# What the task asks
Pictures excluded, output the lines of the data below between the one holding "PRD Logo-patch Padded Corduroy Gilet In Blau" and the one holding "Circadian Rhythm Sleep", inclusive, exactly as they stand.

# Dataset records
________________
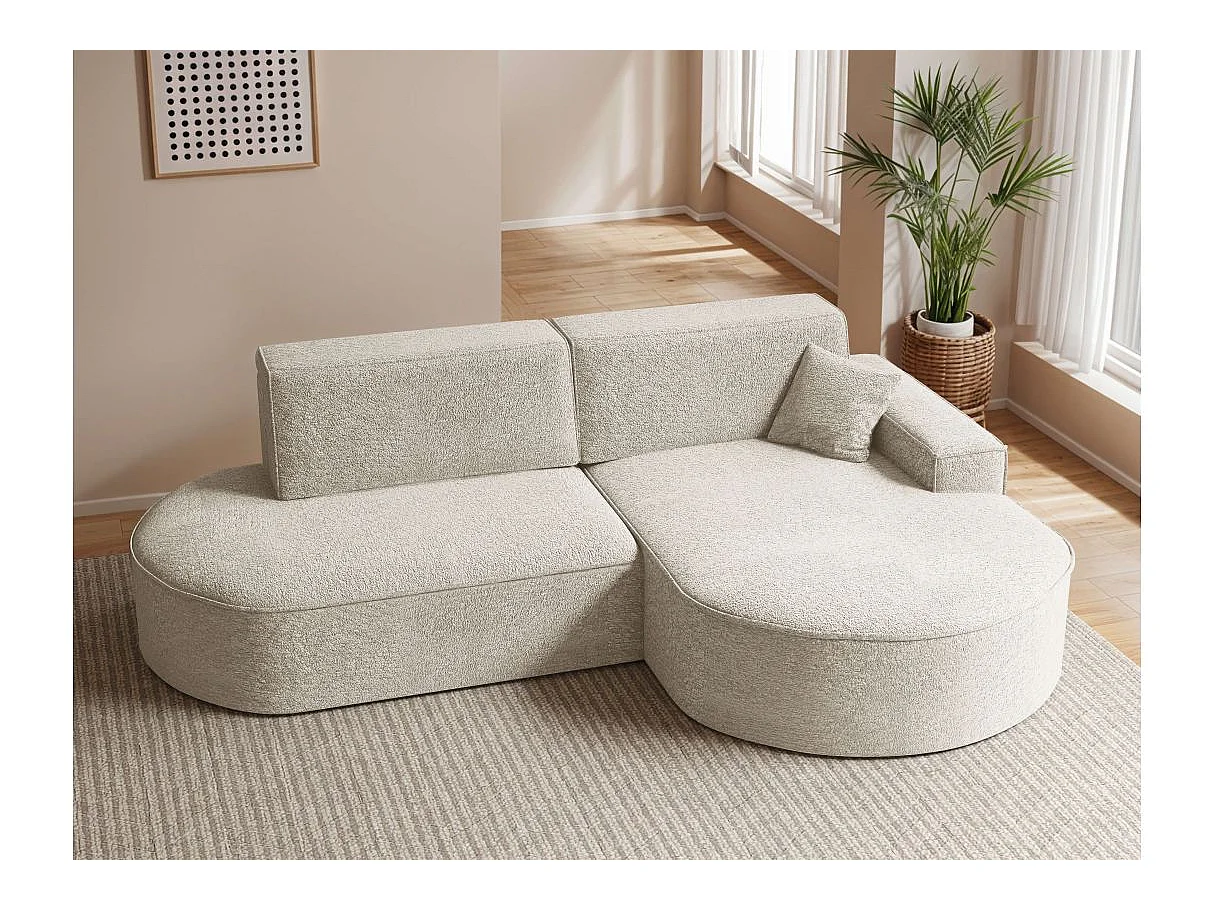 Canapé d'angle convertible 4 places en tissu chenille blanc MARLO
________________
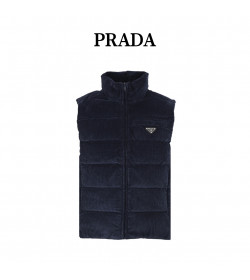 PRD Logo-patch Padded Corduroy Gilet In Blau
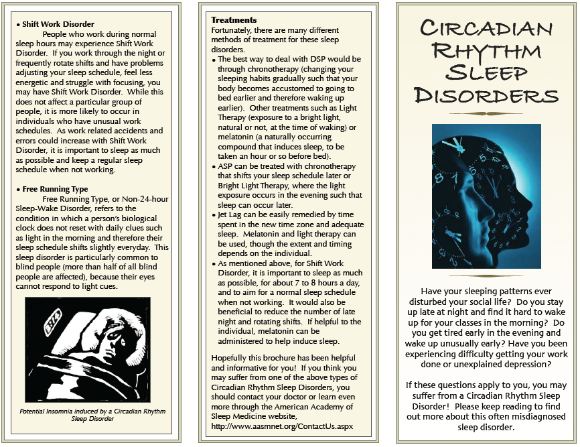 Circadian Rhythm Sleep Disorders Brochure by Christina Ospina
________________
# Task solution
 PRD Logo-patch Padded Corduroy Gilet In Blau
 Circadian Rhythm Sleep Disorders Brochure by Christina Ospina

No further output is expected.